Des chats pour en finir avec les souris au Parlement britannique ?

Une députée britannique a suggéré de recourir aux chats d\'un refuge voisin de Westminster, siège du Parlement à Londres (Royaume-Uni), afin de résoudre le problème de la multiplication des souris.
Une députée britannique a suggéré de recourir aux chats d'un refuge voisin de Westminster, siège du Parlement à Londres (Royaume-Uni), afin de résoudre le problème de la multiplication des souris. (STUDIO 642 / GETTY IMAGES)

La députée Anne McIntosh a suggéré de recourir aux chats d'un refuge voisin de Westminster, siège du Parlement, afin de résoudre une fois pour toute le problème de la multiplication des souris.
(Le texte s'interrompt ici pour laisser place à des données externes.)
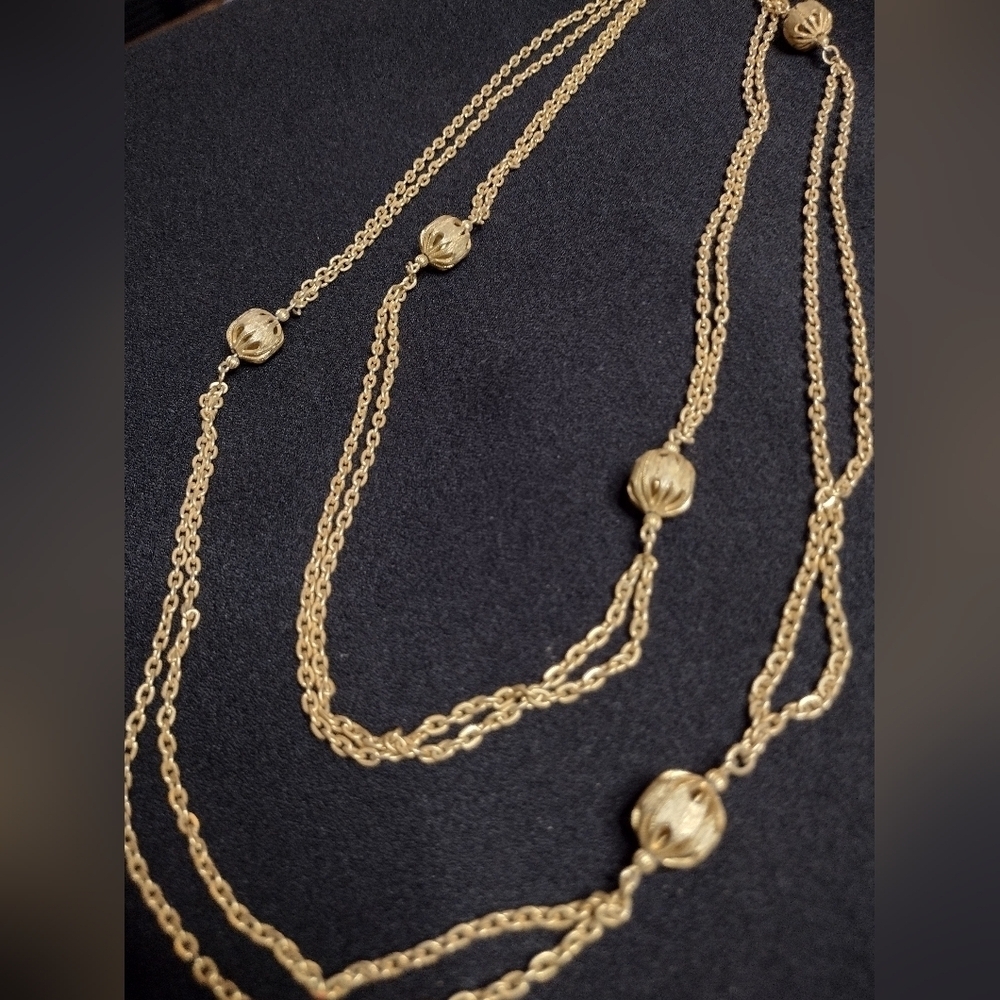 Gold Chain Necklace with Beaded Accents - Picture 2 of 9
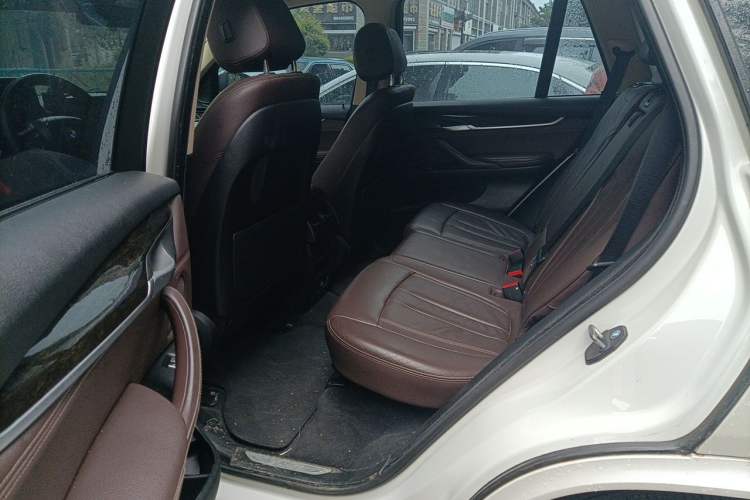 Used BMW X5 2014 xDrive35i Elegant Edition Left Rear Seat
L'idée semble avoir été abandonnée pour des raisons techniques.

Le Parlement britannique a envisagé d'avoir recours à des chats pour venir à bout des souris de plus en plus nombreuses au palais de Westminster, mais une étude a établi qu'il faudrait un trop grand nombre de félins pour résoudre le problème. La députée Anne McIntosh a suggéré de recourir aux chats d'un refuge voisin de Westminster, siège du Parlement, afin de résoudre une fois pour toutes le problème de la multiplication des souris. "La population de souris est hors de contrôle en particulier dans les zones où la nourriture est préparée ce qui représente évidemment un danger en terme de santé" publique, a affirmé l'élue du parti conservateur au pouvoir.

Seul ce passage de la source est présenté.